As my control is much tighter im finding im often on the low side for BG levels with the occasional high which sometimes seem to occur for no reason at all eg I tested prior to driving one day at 6 but within an hour was 11 despite it being over 2 hours since my last meal and having eaten nothing in that hour!!

I try not to have too many sweet treats but when I done the carb counting appointments they did not discourage rice pasta bread etc just taking the correct insulin to cover it, so if levels are good is it ok to continue eating them?

Honestly I just dont know what to do re diet as was not advised to change it (other than to eat fruit and veg general healthy eating)


----------



## Northerner (Dec 12, 2012)

chelle2183 said:


> Thanks, I am trying very hard my antenatal clinic monitors me closely and test my hba1c every 4 weeks my latest result was 5.7% (or 39 in new terms) but prior to pregnancy it was horrible not a good excuse but had a few family emergency's the previous year and thoughts of looking after myself went out the window.
> 
> As my control is much tighter im finding im often on the low side for BG levels with the occasional high which sometimes seem to occur for no reason at all eg I tested prior to driving one day at 6 but within an hour was 11 despite it being over 2 hours since my last meal and having eaten nothing in that hour!!
> 
> ...



I think that, whilst it is true in theory that you can eat what you want on insulin, it becomes much easier to carb count accurately and achieve better levels if you do not eat particularly high-carb meals. Many people find that if they have a high carb meal they have to inject at a higher ratio (e.g. more insulin per 10g carbs) for it. High carb meals might also digest more slowly, so it's possible to miss the peak of your insulin and end up with high levels, so it's probably best to try and maintain  moderate carb intake


----------



## chelle2183 (Dec 12, 2012)

Northerner said:


> I think that, whilst it is true in theory that you can eat what you want on insulin, it becomes much easier to carb count accurately and achieve better levels if you do not eat particularly high-carb meals. Many people find that if they have a high carb meal they have to inject at a higher ratio (e.g. more insulin per 10g carbs) for it. High carb meals might also digest more slowly, so it's possible to miss the peak of your insulin and end up with high levels, so it's probably best to try and maintain  moderate carb intake



I will try to lower my carb intake though i do find it difficult to cut out bread and potatoes  i was given the number for my diabetes specialist nurse that is currently working alongside my ob consultant so I will call her tommorow im just very anxious about my eyes in truth its the first diabetes complication ive run in to  x


----------



## Lizzzie (Dec 12, 2012)

I have a very vague memory of being told last pregnancy that paradoxically, retinopathy often shows itself when women's control has become much tighter during pregnancy.  I can't remember if the dr was telling me a fact or a theory at this point, but there was definitely some reason why eyes appeared to get worse during those 9 months than other 9 month periods that wasn't directly linked to poor control.....?  Anyone.....?

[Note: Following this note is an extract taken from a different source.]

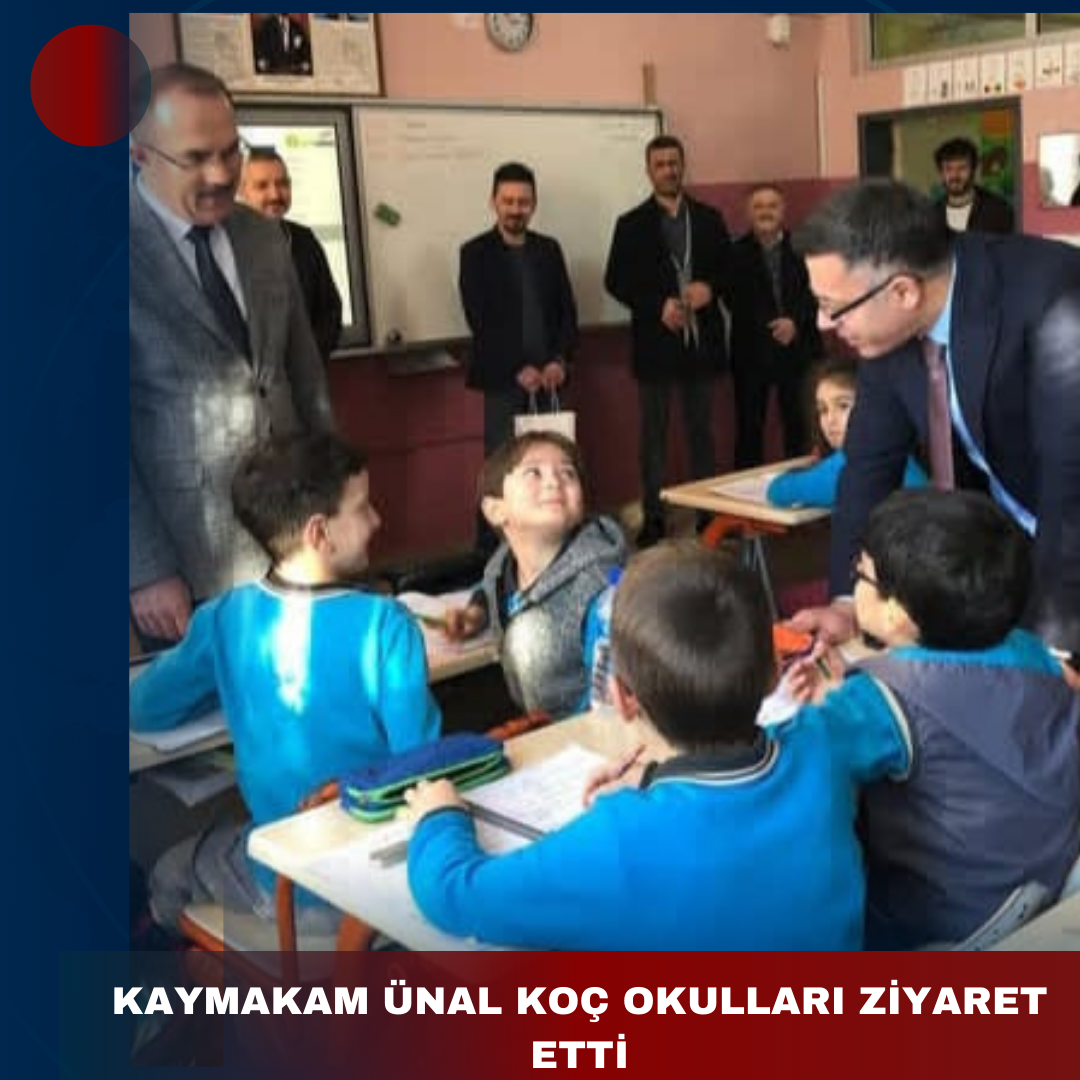 KAYMAKAM ÜNAL KOÇ OKULLARI ZİYARET ETTİ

If I'm not making this up or confused (both likely) maybe a DSN or the diabetologist at antenatal checks could explain it?


----------



## trophywench (Dec 12, 2012)

Yes, eyes often go a bit squiffy during preg, but then also resolve themselves after the birth.  Plus (orinarily, without being preg)  I've had background changes in my eyes since before they started photographing them, I think the mid 1990's, but not positive, however definitely pre 1998.

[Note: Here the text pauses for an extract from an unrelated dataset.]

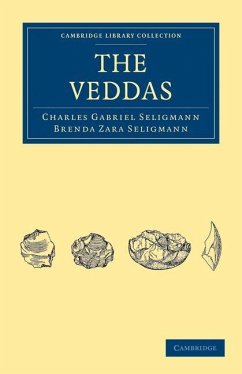 The Veddas - Seligmann, Charles Gabriel; Seligmann, Brenda Zara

And guess what? in 2012 I still have background changes.  So it isn't a death sentence.  Please do discuss it with DSN.  I'm sure she will say the same thing!

The other thing eye-protective is good BP, so they will be watching that even more closely for a diabetic than a non-D preg anyway.

And I think you actually automatically get a retinal scan every trimester so don't be worried if they want to do another one!

I think in preg you just have to go with the flow and do whatever your hormones dictate to you at that exact time.  From 20 weeks, the 'jelly bean' grows into a 'huge melon' and more and more insulin resistance will kick in esp in the third trimester.  So fight the spikes after meals and just correct with either food or insulin as your body NEEDS it.  And if you are going hypo, reduce the insulin, up thr carbs.  

It's only right at the very end, when typically you are taking comparatively massive amounts of both insulins for a relatively small amount of carbs and you very abruptly become mega hypo - that it's a danger signal.


----------



## chelle2183 (Dec 13, 2012)

Thanks for getting back to me all, trophywench i really hope it resolves after pregnancy or at the very least doesnt progress as my control was poor pre pregnancy its a very big wake up call that i need to care for myself as much as my sons

Ive had horrible thoughts of loosing my sight and not seeing my childs faces as they grow up. How often are you screened have you been screened since background changes were seen? And im assuming your control has been good since it hasnt progressed?


----------



## trophywench (Dec 13, 2012)

Highest A1cs ever, in the low 8's.  Quite often there or thereabouts, until I had my pump when everything improved greatly.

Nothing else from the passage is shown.